What kept me reading (and wanting to pick up the book again every day) was the mystery. Or I should rather say, mysteries, plural. First of all, my most pressing question: What the hell happened with Gideon, is she living inside Harrow somehow, is she really dead dead, can they communicate, and what about her mysterious birth/past, I want to know all the things?!? Secodly, the flashback chapters we read about the events that transpired in Gideon the Ninth are very different from what actually happened, mostly in that Harrow remembers going to Canaan House not with Gideon as her cavalier but with Ortus. Yes, the Ortus who died at the very beginning of Gideon the Ninth. So either the entire first book in this series is a lie or Harrow’s brain is seriously fried. But either way, I wanted to find out what was going on and how things could possibly fit together. Tangentially, I also wondered what the hell Lyctors do all day, and apparently, one part of that is “make soup”. 🙂 Tamsyn Muir had her claws in me but she also took on the great responsibility of delivering a satisfying ending/twist/resolution to the very myserious goings-on in this book. The build-up piled up more and more so the ending really needed to be mind-blowing!
Now about those twists and revelations and solutions. There were several super cool moments in this book, some involving intriguing uses of necromancy, others to do with epic battles, but the coolest were definitely the many (!) revelations at the end. As slow as the first three quarters of the book are, everything happens at once in that last quarter. I had to re-read a lot of lines to see whether I was still following because not only are huge things revealed, life-changing, world-shattering things, but of course they are revealed in such a way as to be maximally confusing and impossible to understand immediately. But self-congratulatory use of fancy vocabulary aside, the gist of it was pretty damn awesome! I honestly didn’t think Muir could make up for the complete and utter confusion she created but a lot of things fall into place and just… make sense!

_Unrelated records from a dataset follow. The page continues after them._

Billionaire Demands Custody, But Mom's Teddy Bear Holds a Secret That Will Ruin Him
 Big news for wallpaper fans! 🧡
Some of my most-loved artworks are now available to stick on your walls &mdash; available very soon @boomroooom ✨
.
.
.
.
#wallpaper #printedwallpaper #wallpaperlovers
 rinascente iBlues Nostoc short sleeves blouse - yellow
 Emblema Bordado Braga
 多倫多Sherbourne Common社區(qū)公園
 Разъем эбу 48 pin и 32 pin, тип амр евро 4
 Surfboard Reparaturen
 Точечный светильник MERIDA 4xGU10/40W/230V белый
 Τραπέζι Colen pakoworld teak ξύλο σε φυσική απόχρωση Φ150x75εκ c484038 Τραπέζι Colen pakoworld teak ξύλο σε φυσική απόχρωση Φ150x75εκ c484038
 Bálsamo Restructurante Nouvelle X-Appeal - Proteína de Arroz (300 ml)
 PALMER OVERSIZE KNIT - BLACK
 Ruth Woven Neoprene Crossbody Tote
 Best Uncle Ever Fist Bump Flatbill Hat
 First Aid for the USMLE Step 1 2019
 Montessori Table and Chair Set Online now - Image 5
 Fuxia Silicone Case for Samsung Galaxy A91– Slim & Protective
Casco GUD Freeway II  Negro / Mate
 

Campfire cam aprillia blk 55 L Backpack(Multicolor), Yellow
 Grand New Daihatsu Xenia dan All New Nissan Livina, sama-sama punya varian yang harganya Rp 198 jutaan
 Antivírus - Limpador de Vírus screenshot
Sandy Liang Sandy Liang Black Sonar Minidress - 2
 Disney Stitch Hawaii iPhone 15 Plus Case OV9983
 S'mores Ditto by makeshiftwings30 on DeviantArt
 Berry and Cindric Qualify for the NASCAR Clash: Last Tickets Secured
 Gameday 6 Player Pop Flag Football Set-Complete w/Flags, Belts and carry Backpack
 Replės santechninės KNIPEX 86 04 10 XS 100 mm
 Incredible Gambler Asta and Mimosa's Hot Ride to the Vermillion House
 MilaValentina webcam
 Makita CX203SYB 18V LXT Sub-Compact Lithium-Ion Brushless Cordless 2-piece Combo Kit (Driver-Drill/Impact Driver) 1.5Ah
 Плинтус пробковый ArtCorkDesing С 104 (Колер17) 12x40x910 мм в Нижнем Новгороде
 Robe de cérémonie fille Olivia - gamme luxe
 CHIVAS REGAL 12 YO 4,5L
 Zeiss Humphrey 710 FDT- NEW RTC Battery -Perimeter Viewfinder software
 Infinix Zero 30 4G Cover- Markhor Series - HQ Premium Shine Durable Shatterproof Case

Mind you, the very ending makes sure you’re out of your depth again. It’s not only a big cliffhanger that leaves you hanging pretty much mid-scene, it also adds a new mystery to the story that has spawned people on the internet coming up with crazy theories. Yes, I am guilty of staying up way too late to read up on some of those theories and I am invested! The thing is, reading this book felt like work as much as it was fun, but it did offer lots of clever twists and turns, it had characters that I suddenly could root and care for or at least characters I could love to hate. It made me feel things and guess things (my guesses were all way off, btw) and got me screaming “WHAT THE HELL IS GOING ON” every other chapter. If Muir’s writing style were different, this owuld have been a five-star-read!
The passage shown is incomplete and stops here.